* _TASK BRIEF_: From the entries below, return only the lines starting at the one that contains "Gourde dupla insulated 1000ml black raven" and ending at the one that contains "J.S. Bach: Italian Concerto BWV 971", exactly as they stand.

* _DATA TO PROCESS_:
◆ ◆ ◆ ◆ ◆
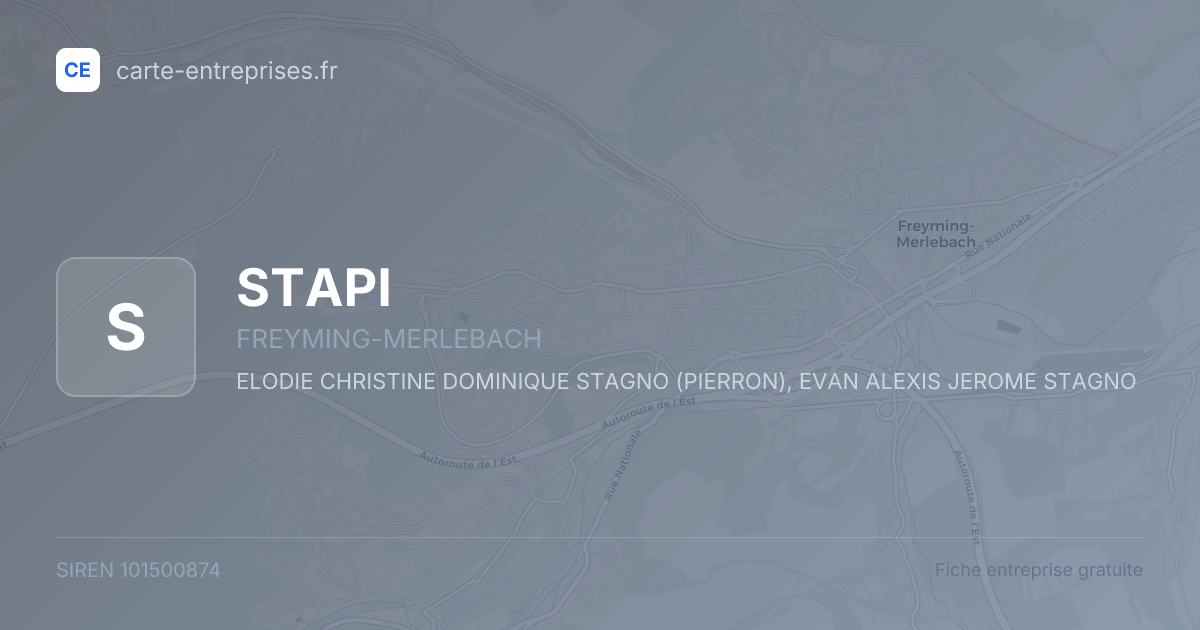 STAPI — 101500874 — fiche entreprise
◆ ◆ ◆ ◆ ◆
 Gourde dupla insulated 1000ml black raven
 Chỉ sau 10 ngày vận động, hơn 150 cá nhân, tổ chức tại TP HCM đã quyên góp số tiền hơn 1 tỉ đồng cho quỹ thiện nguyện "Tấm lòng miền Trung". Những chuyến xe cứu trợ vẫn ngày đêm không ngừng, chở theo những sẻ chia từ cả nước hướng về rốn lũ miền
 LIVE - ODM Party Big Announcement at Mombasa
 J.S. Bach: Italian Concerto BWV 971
◆ ◆ ◆ ◆ ◆
* _FINISHED TASK_:
 Gourde dupla insulated 1000ml black raven
 Chỉ sau 10 ngày vận động, hơn 150 cá nhân, tổ chức tại TP HCM đã quyên góp số tiền hơn 1 tỉ đồng cho quỹ thiện nguyện "Tấm lòng miền Trung". Những chuyến xe cứu trợ vẫn ngày đêm không ngừng, chở theo những sẻ chia từ cả nước hướng về rốn lũ miền
 LIVE - ODM Party Big Announcement at Mombasa
 J.S. Bach: Italian Concerto BWV 971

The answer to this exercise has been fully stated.